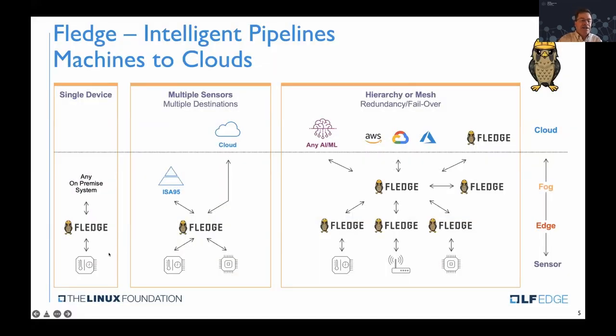FLEDGE can connect data from multiple sources — for example, a camera pointed at the output of a machine and the PLC — and integrate that data to the operational systems at the industrial site as well as the cloud. FLEDGE can also talk to FLEDGE, so they can be deployed in hierarchies or meshes, creating smart, intelligent OT data pipelines from machine all the way to the cloud, doing processing where it's appropriate — anywhere from the edge to the edge before the cloud or in the cloud.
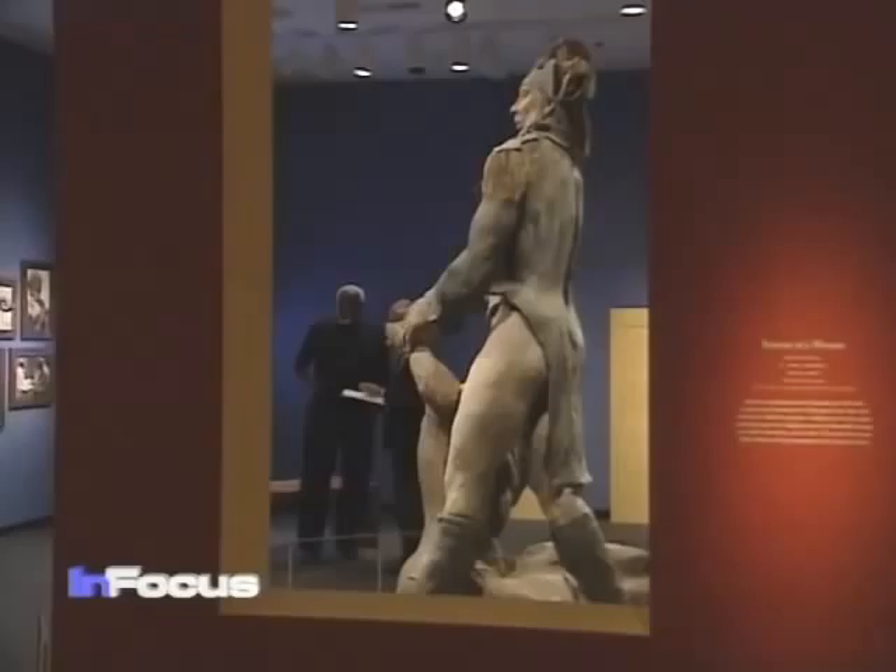It was created by a Senegalese artist in celebration of the bicentennial of the French Revolution. The artist, Ousmane Sow, is well known outside the USA, according to museum curator Christine Kramer: 'I think it's his very best work.'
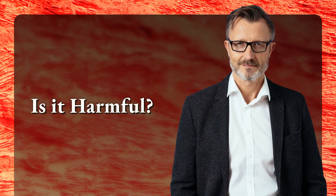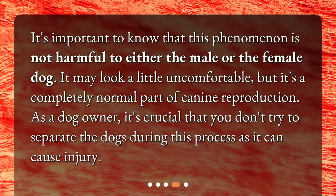Is it harmful? It's important to know that this phenomenon is not harmful to either the male or the female dog. It may look a little uncomfortable, but it's a completely normal part of canine reproduction. As a dog owner, it's crucial that you don't try to separate the dogs during this process, as it can cause injury.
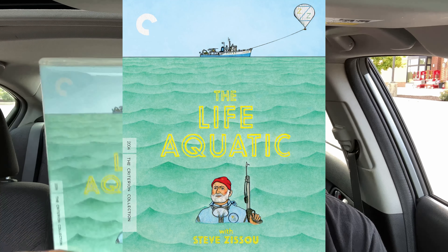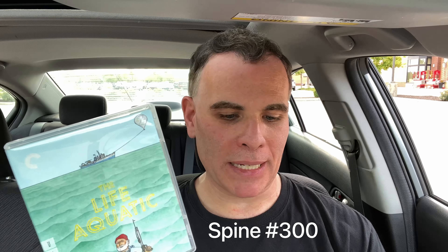The third and final movie is one I upgraded from DVD. I bought it used at the Exchange and it was in great condition. It's probably my sixth favorite movie from this director. The movie is The Life Aquatic with Steve Zissou, released in 2004, spine number 300, running at 118 minutes. It's directed by Wes Anderson, who attracts a lot of A-list actors who love his style and comedy.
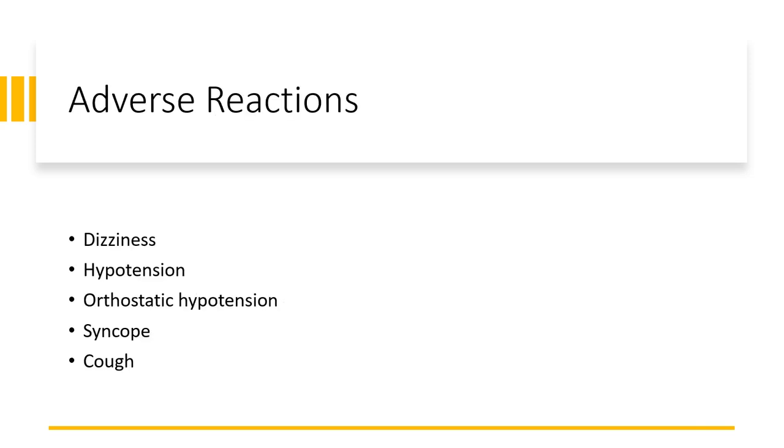Common side effects of Lisinopril include dizziness, hypotension, orthostatic hypotension, syncope, and cough.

+++

What is needed is a word-for-word copy of the lines from the start of the data to the line with "It was created", inclusive, with no pictures in it.

§ **Task answer**:
FLEDGE can connect data from multiple sources — for example, a camera pointed at the output of a machine and the PLC — and integrate that data to the operational systems at the industrial site as well as the cloud. FLEDGE can also talk to FLEDGE, so they can be deployed in hierarchies or meshes, creating smart, intelligent OT data pipelines from machine all the way to the cloud, doing processing where it's appropriate — anywhere from the edge to the edge before the cloud or in the cloud.
It was created by a Senegalese artist in celebration of the bicentennial of the French Revolution. The artist, Ousmane Sow, is well known outside the USA, according to museum curator Christine Kramer: 'I think it's his very best work.'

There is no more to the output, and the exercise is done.